A 74-year-old male was admitted with a 2-week history of cough and sputum production. He exhibited low-grade fever and general weakness. His medical history included a brain tumor; tumorectomy of the right frontal cortex and basal ganglia had been performed, followed by concurrent chemoradiation six months prior. After the tumorectomy, he received oral dexamethasone (3 mg/day) prescribed by another hospital. Recently, he had become bedridden and state reported irregular aspiration signs.

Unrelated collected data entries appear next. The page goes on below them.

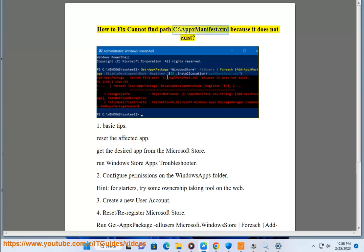How to fix cannot find path C:\Apps\Manifest.xml because it does not exist. Basic tips: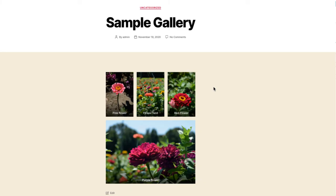This completes our tutorial on adding a gallery in the Gutenberg editor. If you want to learn more about using WordPress, make sure to check out our WordPress education channel for other guides and tutorials.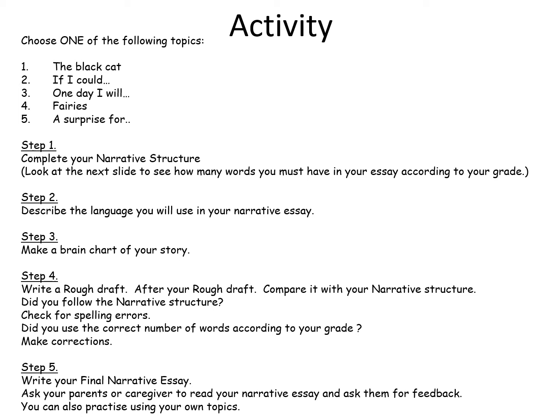Step 1: Complete your narrative structure. Look at the next slide to see how many words you must have in your essay according to your grade. Step 2: Describe the language you will use in your narrative essay. Step 3: Make a brain chart of your story. Step 4: Write a rough draft, then compare it with your narrative structure. Check for spelling errors and count the correct number of words according to your grade, then make corrections. Step 5: Write your final narrative essay. Ask your parents or caregiver to read it and give feedback. You can also practice using your own topics.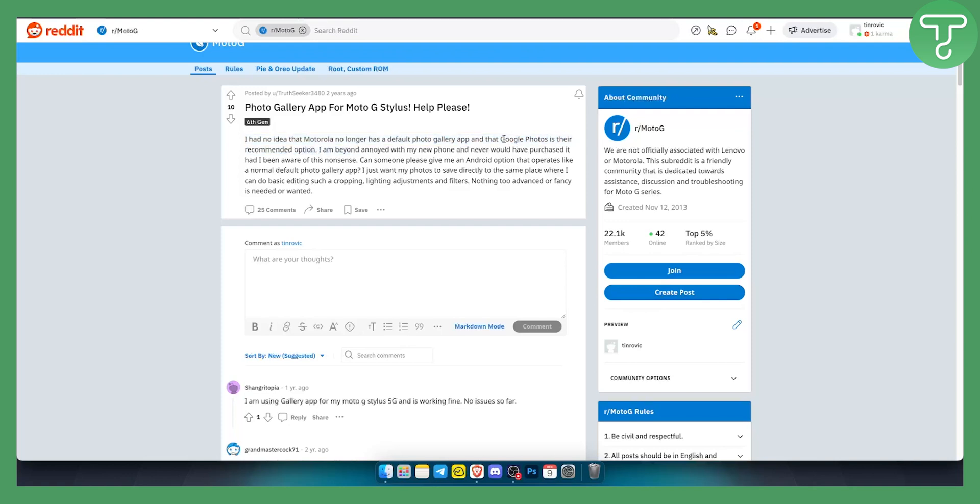What you want to do is either download Google Photos because this is the recommended option or you can use another gallery app that is a different app for your Motorola. As you can see right here, no issues so far.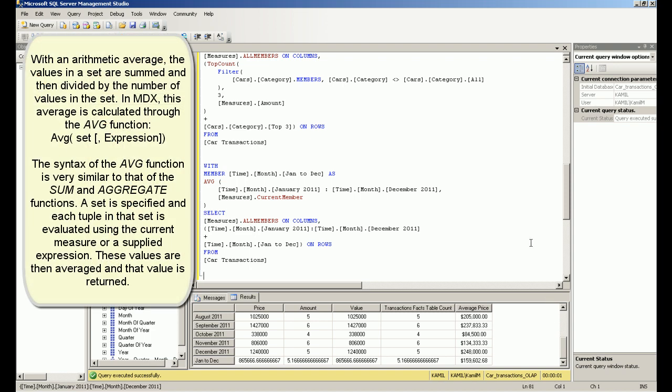With an arithmetic average, the values in a set are summed and then divided by the number of values in the set. In MDX, this average is calculated through the AVG function.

On physical examination, he was alert. His breathing sounds were coarse, with a crackle on the right lower anterior aspect of the chest. The abdomen and other organs were normal. All vital signs were stable, except for a low-grade fever. Laboratory data were as follows: arterial blood gas analysis pH, 7.51; PaCO2, 30 mm Hg; PaO2, 75 mm Hg; HCO3-, 23.9 mmol/L; SaO2, 96%; leukocyte count, 10,740/mm3 (segmented neutrophils 95.1%); hemoglobin, 9.2 g/dL; hematocrit, 28.0%; mean corpuscular volume, 100.4 fl; mean corpuscular hemoglobin concentration, 32.9 g/dL; platelet count, 124,000/mm3; C-reactive protein, 7.84 mg/dL; total protein, 5.0 g/dL; and albumin, 2.3 g/dL. Chest radiograph using an anterior-posterior view revealed a cystic lesion in the right medial aspect of the lower lung zone (Figure 1A). Contrast-enhanced computed tomography (CT) of the chest revealed a 5.6×2.5-cm-sized, well-defined, cystic lesion with peripheral enhancement in the right middle lobe, abutting to right minor fissure (Figure 1B-D).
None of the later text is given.